Pilar Lopez par exemple était paya et dansait mieux que certains gitans. Il y a des gitans qui ne savent pas faire les palmas non plus.
Ils ont ça dans le sang ou dans l'esprit : la danse, le feu, la musique, ça oui ils l'ont dans le sang depuis la naissance.
Mais ils ne sont pas forcément artistes pour autant, il y en a beaucoup qui travaillent sur les marchés, qui vendent des vêtements, et avant ils
étaient forgerons.
As-tu un palo favori ?
Mon palo préféré dans le flamenco, tout le monde le sait, est la solea. C'est le palo auquel je m'identifie le plus.

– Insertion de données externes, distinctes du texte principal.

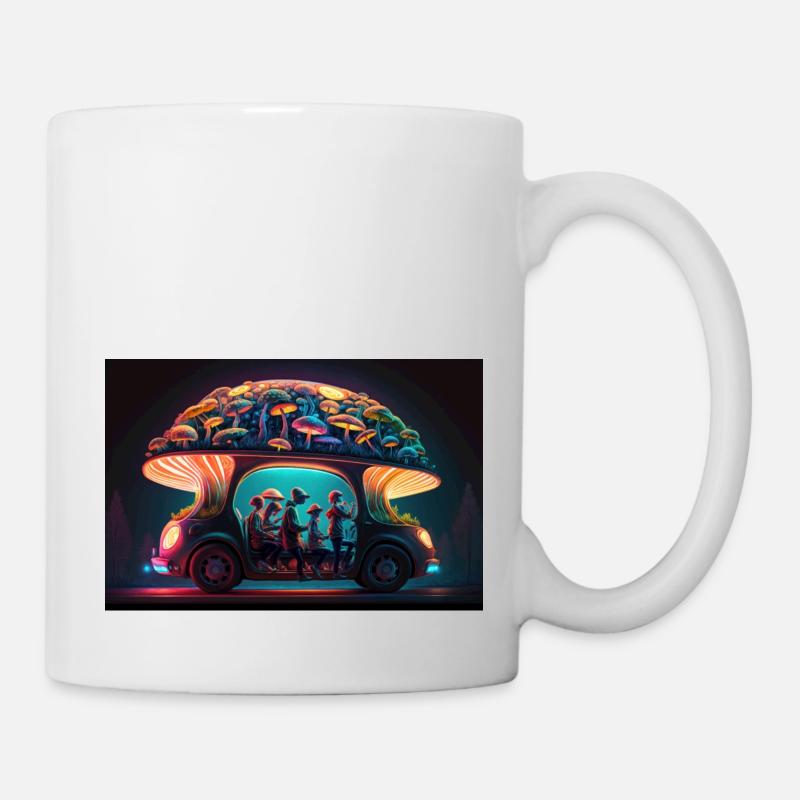 Voiture champignon - Mug blanc - blanc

J'aime aussi danser por taranto et por siguiriya mais por solea... J'ai gagné le prix du Concours National de Cordoue por solea,
j'avais aussi interprété un taranto mais Pilar Lopez m'a dit "Non. Je vais te donner
le prix Juana La Macarrona car tu as ce style de baile". Ndlr : Carmen Ledesma a obtenu ce prix en 1983.
Justement, comment décrirais-tu ton baile ?
J'ai eu des étapes très différentes dans ma vie. Quand j'étais plus jeune, j'interprétais le baile d'une certaine façon.
Maintenant je suis une femme plus mûre, j'ai eu d'autres expériences, j'ai eu mon fils, et ça m'a fait m'apaiser dans mon baile.
Peut-être qu'avant lorsque j'étais plus jeune je dansais beaucoup plus rapidement, tout allait très vite dans ma vie.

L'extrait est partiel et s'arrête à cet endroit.